USEPA / ElectricityLCI

Creative Commons Zero v1.0 Universal
24 stars 10 forks source link

Missing eGRID subregion generation by fuel category reference data #211

Open dt-woods opened 7 months ago

dt-woods commented 7 months ago

The electricity baseline provides a user-defined configuration value for 'egrid_year', which triggers the data file, '~/electricitylci/data/egrid_subregion_generation_by_fuelcategoryreference[year].csv' to be accessed in 'egrid_energy.py' (referenced in 'generation_mix.py').

The ElectrictyLCI only provides two CSV files: 2014 and 2016. See electricitylci/data/egrid_subregion_generation_by_fuelcategory_reference_2016.csv.

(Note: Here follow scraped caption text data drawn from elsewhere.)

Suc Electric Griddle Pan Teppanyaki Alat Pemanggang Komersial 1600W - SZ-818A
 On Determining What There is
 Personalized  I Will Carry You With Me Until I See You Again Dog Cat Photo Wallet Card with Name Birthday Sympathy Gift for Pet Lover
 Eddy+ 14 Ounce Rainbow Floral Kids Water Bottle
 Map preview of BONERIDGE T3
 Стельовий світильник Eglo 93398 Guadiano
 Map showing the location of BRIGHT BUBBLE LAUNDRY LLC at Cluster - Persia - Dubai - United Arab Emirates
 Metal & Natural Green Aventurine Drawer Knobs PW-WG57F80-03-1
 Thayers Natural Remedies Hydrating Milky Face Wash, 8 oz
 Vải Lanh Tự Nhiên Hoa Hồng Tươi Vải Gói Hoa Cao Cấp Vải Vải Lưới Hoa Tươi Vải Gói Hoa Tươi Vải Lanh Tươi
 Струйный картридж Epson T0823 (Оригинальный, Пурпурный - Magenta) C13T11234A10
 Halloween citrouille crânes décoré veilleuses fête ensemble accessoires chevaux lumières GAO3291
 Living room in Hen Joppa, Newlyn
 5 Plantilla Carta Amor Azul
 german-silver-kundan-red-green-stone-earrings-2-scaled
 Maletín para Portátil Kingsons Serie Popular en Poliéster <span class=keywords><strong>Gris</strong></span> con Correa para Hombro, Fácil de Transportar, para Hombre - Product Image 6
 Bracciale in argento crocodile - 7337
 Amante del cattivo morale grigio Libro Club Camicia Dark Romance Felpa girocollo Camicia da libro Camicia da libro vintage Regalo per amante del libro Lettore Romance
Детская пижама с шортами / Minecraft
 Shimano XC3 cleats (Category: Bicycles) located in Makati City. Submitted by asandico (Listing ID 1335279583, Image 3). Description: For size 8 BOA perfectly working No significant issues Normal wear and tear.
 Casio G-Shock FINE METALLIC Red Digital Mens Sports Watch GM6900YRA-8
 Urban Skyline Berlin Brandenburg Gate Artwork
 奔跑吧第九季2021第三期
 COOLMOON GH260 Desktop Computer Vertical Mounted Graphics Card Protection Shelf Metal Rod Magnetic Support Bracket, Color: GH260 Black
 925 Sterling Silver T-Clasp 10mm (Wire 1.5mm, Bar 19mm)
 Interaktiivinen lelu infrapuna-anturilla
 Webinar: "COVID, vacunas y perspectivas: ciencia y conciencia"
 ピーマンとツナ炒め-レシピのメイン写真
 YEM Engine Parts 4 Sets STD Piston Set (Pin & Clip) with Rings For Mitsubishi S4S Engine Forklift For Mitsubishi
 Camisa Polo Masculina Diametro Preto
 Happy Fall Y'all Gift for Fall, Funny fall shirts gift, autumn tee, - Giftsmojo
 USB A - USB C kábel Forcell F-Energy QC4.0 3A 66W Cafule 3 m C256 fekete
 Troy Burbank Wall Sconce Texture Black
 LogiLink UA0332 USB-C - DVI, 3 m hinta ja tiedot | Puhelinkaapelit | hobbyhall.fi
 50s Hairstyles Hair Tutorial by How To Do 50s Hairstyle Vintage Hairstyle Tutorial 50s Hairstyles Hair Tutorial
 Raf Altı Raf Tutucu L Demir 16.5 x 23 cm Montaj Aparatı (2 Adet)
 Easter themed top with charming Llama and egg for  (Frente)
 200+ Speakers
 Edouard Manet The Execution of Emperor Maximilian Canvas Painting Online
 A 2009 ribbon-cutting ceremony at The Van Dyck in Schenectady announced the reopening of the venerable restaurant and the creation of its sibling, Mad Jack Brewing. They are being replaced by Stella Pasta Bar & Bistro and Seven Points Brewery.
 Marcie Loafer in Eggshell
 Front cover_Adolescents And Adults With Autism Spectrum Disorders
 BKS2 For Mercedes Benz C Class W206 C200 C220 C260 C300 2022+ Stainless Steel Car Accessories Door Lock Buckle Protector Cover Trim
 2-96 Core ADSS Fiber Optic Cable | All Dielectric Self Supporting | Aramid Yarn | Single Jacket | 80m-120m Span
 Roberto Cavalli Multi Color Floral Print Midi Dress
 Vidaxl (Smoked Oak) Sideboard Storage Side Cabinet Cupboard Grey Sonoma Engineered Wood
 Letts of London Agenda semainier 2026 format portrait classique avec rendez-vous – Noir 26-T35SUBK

This means that ELCI_2 configuration model is unsupported. This also means that future baselines are hindered by the lack of this data file.

In order to support the current development and future baselines, a little more transparency is needed regarding the following:

dt-woods commented 7 months ago

https://github.com/USEPA/ElectricityLCI/blob/master/electricitylci/data/egrid_subregion_generation_by_fuelcategory_reference_2016.csv

dt-woods commented 7 months ago

Note that it does not appear that StEWI has the facility generation data from eGRID. Tried the various formats with "getInventory," but failed to find 'Electricity' data.

Found it here:

bl-young commented 7 months ago

stewi.getInventory('eGRID', year, stewiformat='flowbyfacility') will return a dataframe that includes emissions and Electricity output as a flow.

Note also that stewi.getInventoryFacilities('eGRID', year) includes the fuel type by facility.

My guess is some combination of these generated the files originally but I do not know.

dt-woods commented 7 months ago

Example code:

import os

import pandas as pd

from stewi import getInventoryFacilities 
from stewi import getInventory 

def make_egrid_subregion_ref(year):
    """Generate the 'egrid_subregion_generation_inventory_reference' CSV data
    file for a given year (if it does not already exist).

    Parameters
    ----------
    year : ing
        Data year.
    """
    # Define the output file, which should be in data directory of package.
    ref_name = "egrid_subregion_generation_by_fuelcategory_reference_%s.csv" % year
    ref_path = os.path.join(data_dir, ref_name)

    if os.path.exists(ref_path):
        logging.info(
            "eGRID subregion generation inventory %s reference exists" % year)
    else:
        logging.info(
            "Creating eGRID subregion generation inventory "
            "%s reference CSV" % year)

        # Pull the inventory data from stewi.
        a = stewi.getInventory("eGRID", year)

        # Pull facility meta data from stewi.
        meta_cols = [
            'FacilityID',
            'eGRID subregion acronym',
            'Plant primary coal/oil/gas/ other fossil fuel category'
        ]
        b = stewi.getInventoryFacilities("eGRID", 2018)[meta_cols]

        # Merge two data frames together to get inventory + facility metadata.
        c = pd.merge(
            left=a.query("FlowName == 'Electricity'"),
            right=b,
            on="FacilityID",
        )

        # Group by and sum by FacilityID and FuelCategory to get total
        # electricity generation. Update column names to match existing
        # CSV files in the repo.
        c = c.groupby(
            by=[
                'eGRID subregion acronym',
                'Plant primary coal/oil/gas/ other fossil fuel category']
        )['FlowAmount'].agg('sum').reset_index()
        c = c.rename(columns={
                'eGRID subregion acronym': 'Subregion',
                'Plant primary coal/oil/gas/ other fossil fuel category': 'FuelCategory',
                'FlowAmount': 'Electricity'
        })
        # Convert Electricity from MJ to MWh; and order
        c['Electricity'] /= 3600.0
        c = c.sort_values(by=['FuelCategory', 'Subregion'])
        c.to_csv(ref_path, index=False)
dt-woods commented 7 months ago

^^^ The method above will be added to egrid_facilities.py to create the reference CSV when called in the global space of egrid_energy.py right before the file is accessed to avoid FileNotFound Error.

dt-woods commented 7 months ago

NOTE: I found no reference to either "egrid_subregion_totals_reference_2016.csv" or "egrid_subregion_totals_reference_2014.csv" so I omitted their creation.